L’apoteosi è la traccia che porta il nome del disco, decima nell’ordine ma idealmente in vetta. Una stoccata al Grand Ol’ Party, che si è perso in ciarle e ha permesso questo scempio: gente che parla di portarci via Dio e le armi, nientemeno che l’autentica sul nostro contratto sociale; gente che non è mai stata qui da noi, sul bordo della foresta, “where God is great and guns are good“, e che pensa l’esatto contrario e quindi è evidente che non ne sa nulla; gente che non può capire la nostra insicurezza, perché prima dormivamo con le porte aperte e adesso non possiamo che ringraziare Iddio per la Colt. La rabbia cresce, e con lei i toni: dagli echi roots dei primi minuti si passa a un riffone dall’incedere minaccioso come un calibro 38 Special.

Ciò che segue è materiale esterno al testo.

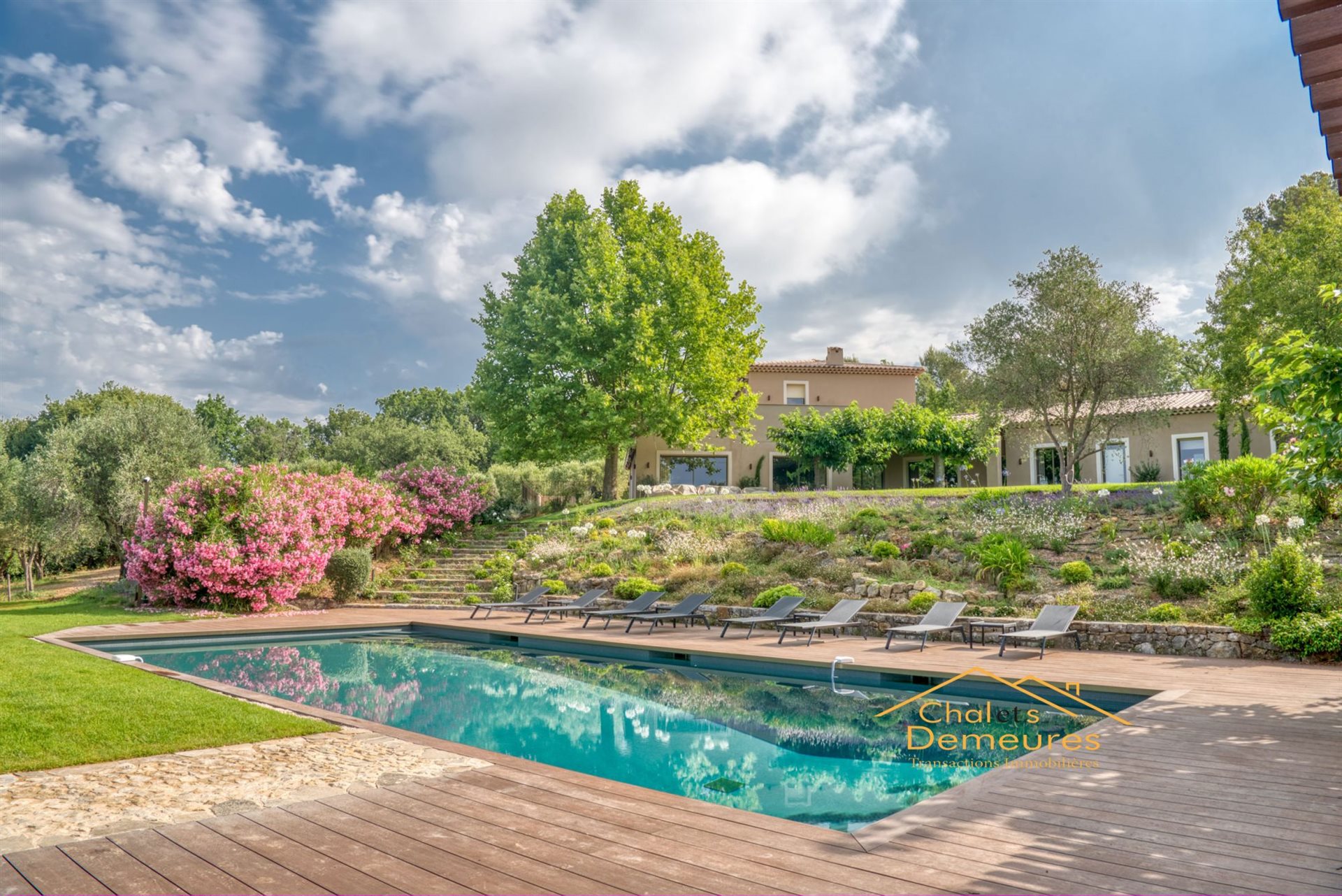 Maison à vendre, 565m², Mouans-Sartoux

“God & Guns” è il disco che più e meglio racconta l’America conservatrice all’indomani della sbornia bushista, alla presa d’atto che il mondo è cambiato – perché questo fa, il mondo: cambia – e che bisogna cambiare con lui. Proprio per questo motivo la sua importanza trascende l’aspetto strettamente musicale (pure significativo, visto che l’album è stato da più parti acclamato come la migliore opera dei nuovi Lynyrd Skynyrd) per assumere quella di un cahier de doléances, un pamphlet a cento watt per manifestare un radicale dissenso verso la nuova piega degli eventi. Un “anche se tutti, noi no“, se proprio vogliamo trovargli un paragone di area in lingua italiana.
Noi, però, siamo qui per la musica, e quindi ci accontentiamo di goderci un signor album fatto di rock solido, antico e saldo nelle radici. Come l’ulivo, il simbolo della pace.